The manga and live-action follow the same basic plot and premise, and surprisingly little was changed between the original and the dub, the names being a notable exception. The series opens with Rodak drawing the Mura family and their home into a prehistoric jungle (through time or into another dimension, this is not made clear) and announcing his plans of conquest to them. He also makes the family an offer to be his vanguard, in exchange for great power and prestige in his new order. The Muras of course reject his offer, and are rescued by Goldar, who battles and destroys a dinosaur that is menacing them, before they are returned to the present anyway, as Rodak now wants them to spread the word of his arrival and power. Goldar takes Miko before Methuselah, who grants the machine couple's wish to have a child by creating Gam, who becomes Miko's best friend. Miko also takes the summoning whistle, which resembles Gam in his rocket form. Rodak wastes no time in beginning to carry out his threats.
The show's four-episode story arc format allowed Rodak's schemes to be a bit more complex and challenging than similar villains. While the major thrust of his strikes always relied heavily on a daikaiju attack ultimately repelled by Goldar, there was almost always a secondary scheme in play, usually pushed by his ninja-like agents, the Lugo Men (Modoki, or Mock Humans, in Japan). These creatures were made out of vegetable matter, and melted when defeated. They could take the place of Humans with ease, and successfully kidnapped Tomoko Mura, Miko's mother, who was not recovered until much later in the series. Miko and his father, Ito, often acted as unofficial agents aiding the ground-work of the space warriors, often uncovering Lugo Men posing as Humans in positions strategic and important.

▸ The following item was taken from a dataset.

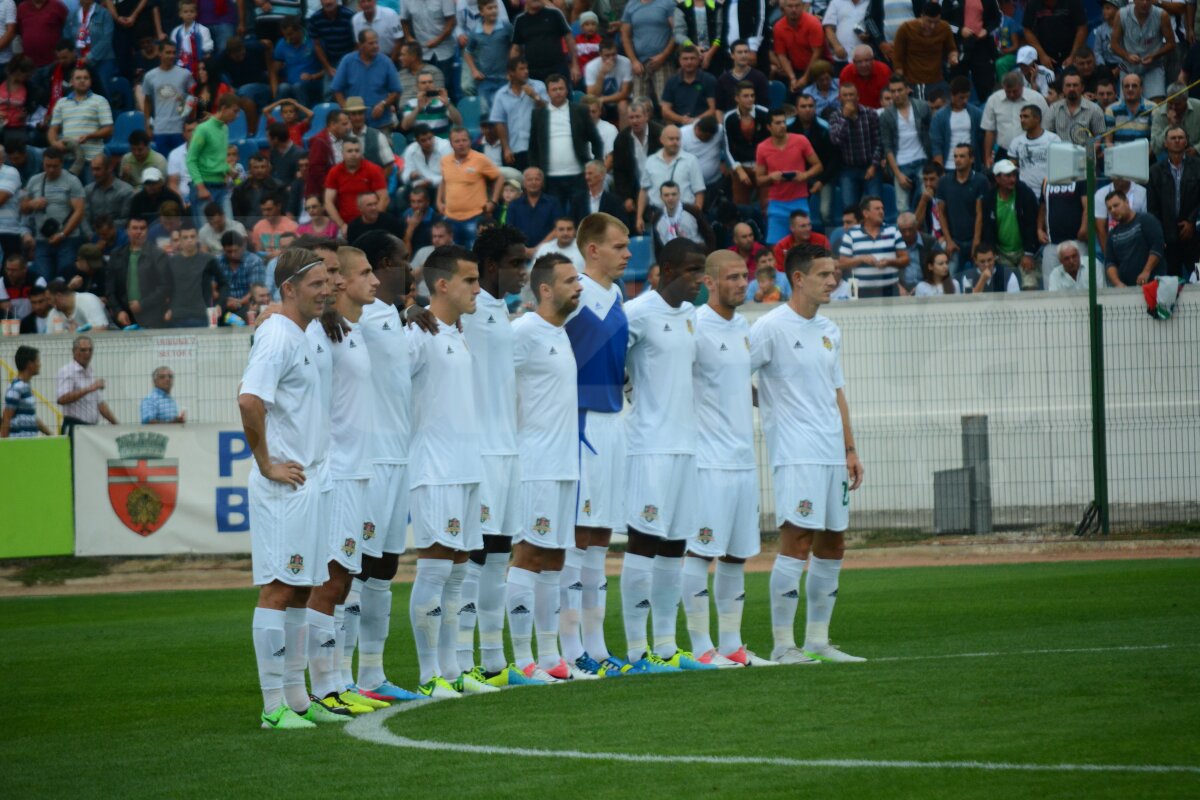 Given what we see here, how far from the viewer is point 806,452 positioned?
36.4ft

Rodak was not above occassionally confronting the heroes directly, powerful but hardly invincible. His schemes sometimes involved corrupting or destroying Humans on a personal level. One time, he added ingredients to major water resources that caused people to fall under his control. Another time, he unleashed a flesh-eating virus that could skeletonize the infected within a day. He once took advantage of a grieving grandfather whose hatred of automobiles unleashed a monster. On other occasions, the daikaiju he unleashed had a power that affected things like infrastructure, rather than simply smashing buildings (which they did as well). In addition to complex deceptions and misdirections, Rodak was not above using the most basic tricks imaginable, one time using a tape-recorded duplicate of Miko's whistle to draw Goldar away from a real threat, and ambush him as well. On the other side, Methuselah would openly reprimand someone from his side for not thinking things through. Like many Big Bads, Rodak would be ruthless with those who failed him, but was not foolish about it, and would improvise where needed, for all the good it did him.
Finally, it seemed Goldar had met his match with a monster named Gongon, able to deflect his best attacks and defeat him with ease. But Methuselah revealed that this had been part of his plan. Faced with no other choice, Rodak had merged with Gongon, to vastly increase his power. Methuselah gave up much of his own power to Goldar, having at last drawn Rodak into direct conflict. With their battle matched up, the more battle-hardened Goldar destroyed Gongon and Rodak with him.
Besides the tokasatsu version, the series saw a 1993 OVA anime lasting 13 episodes. As with the live version, Goa/Rodak was voiced by veteran seiyu Toru Ohira.